• **GIVEN DATA**
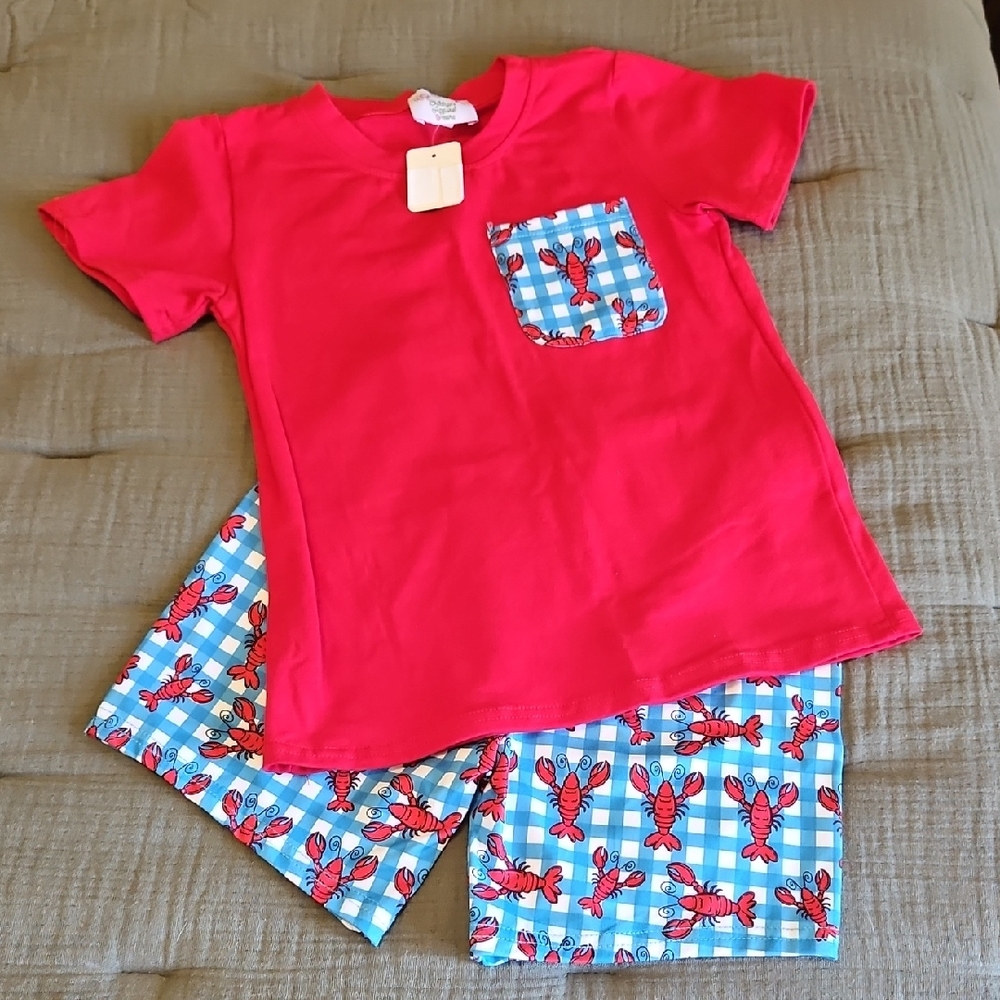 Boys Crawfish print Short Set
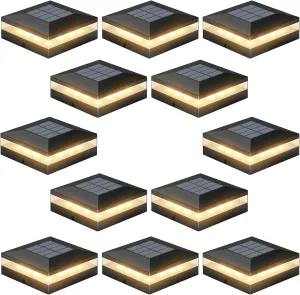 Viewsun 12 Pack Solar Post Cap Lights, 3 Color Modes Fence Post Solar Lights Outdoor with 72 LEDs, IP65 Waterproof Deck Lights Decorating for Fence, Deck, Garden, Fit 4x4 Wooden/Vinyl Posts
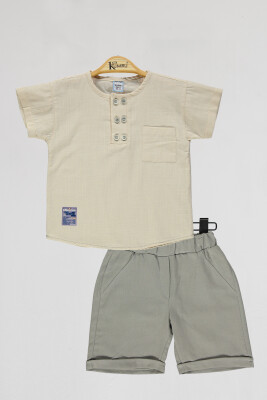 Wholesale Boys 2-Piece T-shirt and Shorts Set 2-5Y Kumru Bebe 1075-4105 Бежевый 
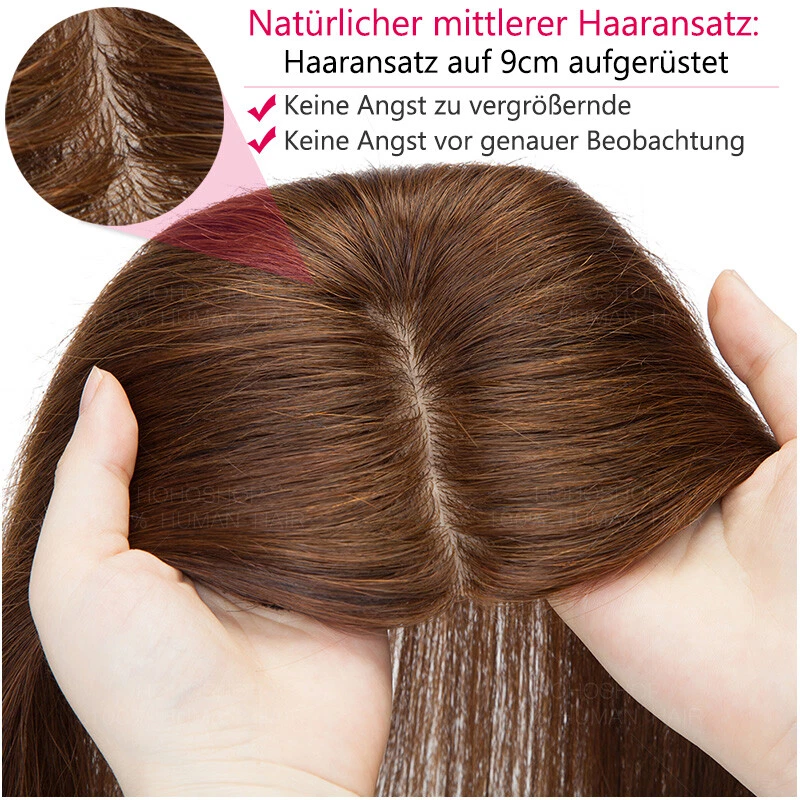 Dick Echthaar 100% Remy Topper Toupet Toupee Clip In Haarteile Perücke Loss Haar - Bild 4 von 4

• **WHAT YOU ARE ASKED TO DO**
This task asks for the data above repeated exactly, without a single picture.

• **TASK RESPONSE**
 Boys Crawfish print Short Set
 Viewsun 12 Pack Solar Post Cap Lights, 3 Color Modes Fence Post Solar Lights Outdoor with 72 LEDs, IP65 Waterproof Deck Lights Decorating for Fence, Deck, Garden, Fit 4x4 Wooden/Vinyl Posts
 Wholesale Boys 2-Piece T-shirt and Shorts Set 2-5Y Kumru Bebe 1075-4105 Бежевый 
 Dick Echthaar 100% Remy Topper Toupet Toupee Clip In Haarteile Perücke Loss Haar - Bild 4 von 4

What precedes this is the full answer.